Er ging auf das helle Licht zu. Er wusste nicht einmal warum, aus reinem Instinkt. Eine Stimme hielt
ihn zurück. „Geh nicht."
Yohji drehte sich um, die Stimme war hinter ihm gewesen, doch da war niemand zu sehen. „Wo...?"
„Geh zurück." Er richtete seinen Blick nach rechts, aber da war noch immer keiner zu sehen.
„Warum soll ich nicht gehen?" Das Licht wirkte so warm und anziehend auf ihn, es war schwer, sich
zurückzuhalten.
„Ich will dich kennenlernen, außerdem bist du erst 15, dein Leben liegt noch vor dir." Die Stimme kam
jetzt von links.
„Wer bist du? Und warum ich?" Yohji konnte die andere Person beinahe fühlen, auch wenn er
scheinbar allein in diesem langen Gang war.

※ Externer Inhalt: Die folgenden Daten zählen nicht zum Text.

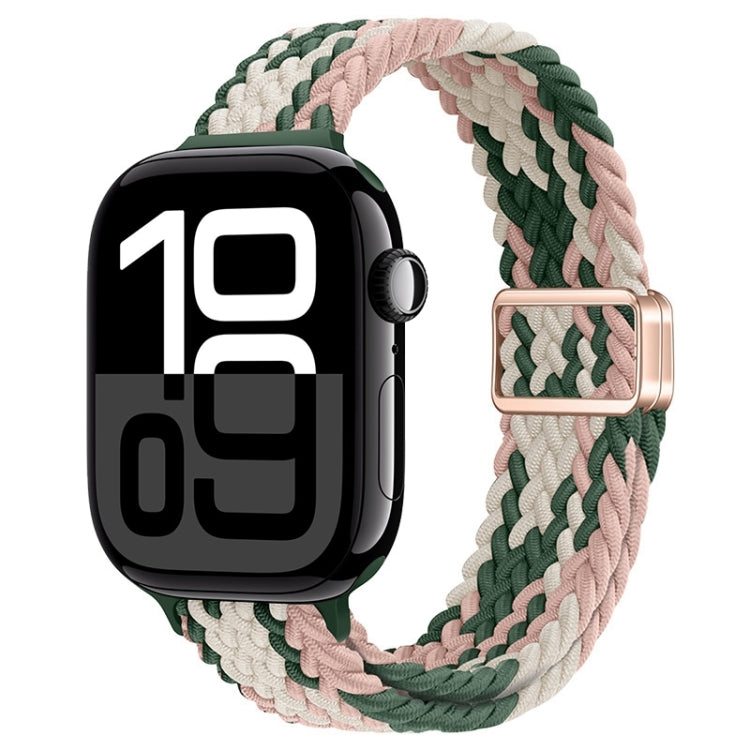 Slim Magnetic Buckle Nylon Braided Watch Band, For Apple Watch Series 10 46mm, For Apple Watch Series 10 42mm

„Sagen wir mal, ich arbeite für die Konkurrenzfirma, zu der du gerade willst. Und wenn du dahin
gehst, werde ich dich wohl nicht wiedersehen. Eigentlich sollte ich gar nicht hier sein, aber irgendwas
hat mich zu dir hingezogen. Und ich will verdammt noch mal wissen, was das ist."
„Konkurrenzfirma also?" Ein Lächeln zog sich über Yohjis Lippen. „Wenn ich zurückgehe, kommst du
mich dann besuchen?" Er wusste nicht einmal warum, aber er fühlte sich in der Gegenwart
dieser Stimme sicher.
„Versprochen."
Yohji war zurückgekehrt. Zurück in ein Leben ohne seine beste Freundin Asuka. Sie war bei dem
Unfall gestorben, er selbst hatte wie durch ein Wunder überlebt. Asukas kleiner Bruder Ken war nur
leicht verletzt worden. Trotzdem war es Ken, der Yohji half mit diesem Verlust zu leben und nicht
umgekehrt. Für den Jungen war er der Onii-chan geworden, eine Rolle, in die er eigentlich nicht
passte. Er und Ken gerieten oftmals aneinander und rauften sich dann wieder zusammen.

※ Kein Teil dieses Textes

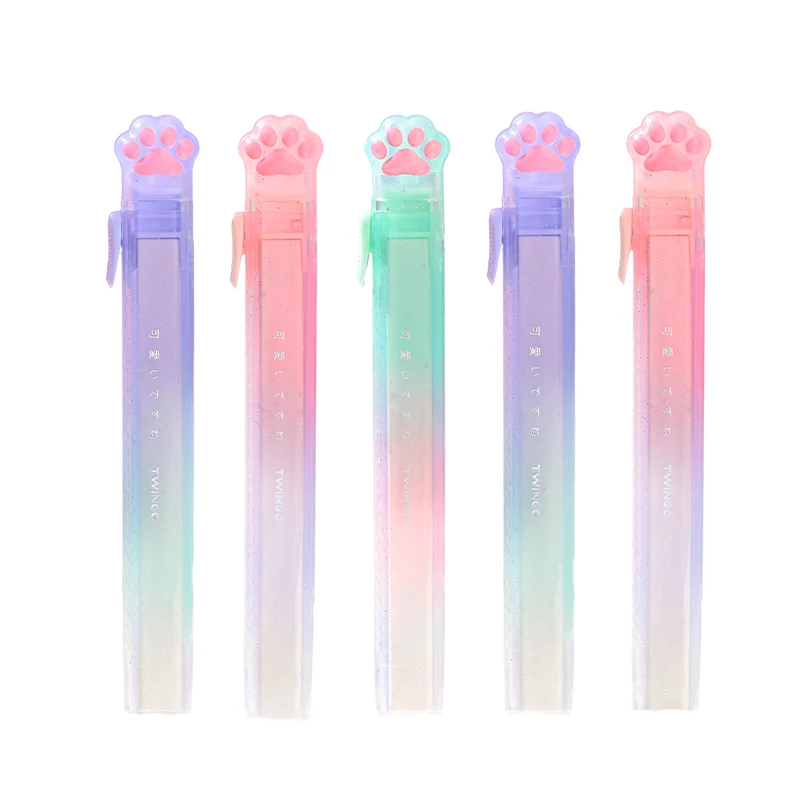 New Cute Long Erasers for Kids School Office Supplies Stationery Gifts  Kawaii Push-pull Design Cat Paw Portable Rubber Eraser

Yohji wartete jeden Tag darauf, dass die Stimme ihn besuchen kam. An seinem 17. Geburtstag
wartete er zwar immer noch, doch die Hoffnung hatte er schon fast aufgegeben. Nach der
feucht-fröhlichen Party war er völlig kaputt ins Bett gefallen und sehr schnell ins Traumland
hinübergegangen.
Er ging am Strand entlang, einsam, so wie er sich selbst sah. Die vielen Freundinnen und Freunde, die
er hatte, waren nicht wirklich für ihn da. Sie sahen nicht den wahren Yohji. Wie auch? Er spielte eine
Rolle für sie, so wie sie ihn sehen wollte. Keine Nähe, keiner der ihn verletzten und verlassen konnte.
Einsam, allein.
„Herzlichen Glückwunsch." Yohji hielt an. Da war sie wieder, die Stimme.
„Hallo." Er drehte sich nicht um.
„Sorry, dass ich erst jetzt komme, wir hatten da ein paar schwierige Verhandlungen." Eine Hand legte
sich auf die Schulter von Yohji und drehte in langsam herum.

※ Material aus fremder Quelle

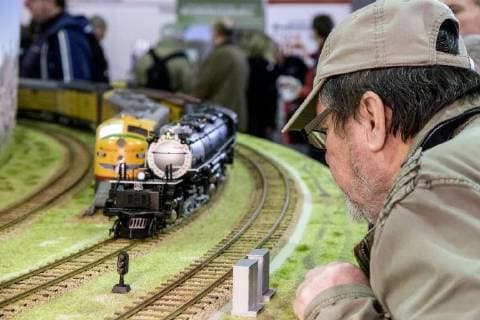 Chemnitz 20180209 , Dresden , In der Messe Dresden fand die 14 Erlebnis Modellbahn statt. Diese wird vom Modellbahnclub Pirna geleitet. Bestaunen eines Modell des Big Boys , der groessten Dampfloks die je gebaut wurden Copyright: xKunz Eibner-Pressefotox EP_Kunz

Sein Blick fiel auf einen jungen Mann Anfang 20. Flammend rotes Haar fiel auf dessen Schultern
herab. Ein schiefes Lächeln zuckte um die Mundwinkel, während ihn grüne Augen fröhlich angrinsten.
Yohji konnte einfach nicht anders, er grinste zurück. Was nicht zuletzt daran lag, dass der andere völlig
unbekleidet vor ihm stand. „Meinst du nicht, du bist etwas zu offenherzig?"
Der Rotschopf sah an sich herunter, zuckte dann mit den Schultern und hatte dann in Sekundenbruchteilen
Kleidung am Körper. Es war immerhin nur ein Traum.
Yohji hatte sich am Strand hingesetzt und blickte auf das Meer hinaus. „Nicht, dass ich etwas gegen nackte
Männer in meinen Träumen hätte, aber ich wüsste schon gerne deinen Namen."
„Schuldig." Der andere setzte sich neben ihn.
„Schu-ru-di-chi. Komischer Name." Schuldig rollte mit den Augen. Es war doch immer das Gleiche, wenn
Japaner seinen Namen aussprechen wollten. Es gelang ihnen nicht. Er probierte noch ein paar Mal Yohji die
korrekte Aussprache seines Namens beizubringen, gab dann aber doch auf. Zumindest versagte der Blonde
bei dieser Aufgabe nicht mehr komplett.
Yohji sah ihm in die Augen. „Verhandlungen? Die zwei Jahre dauern? Und das soll ich glauben?"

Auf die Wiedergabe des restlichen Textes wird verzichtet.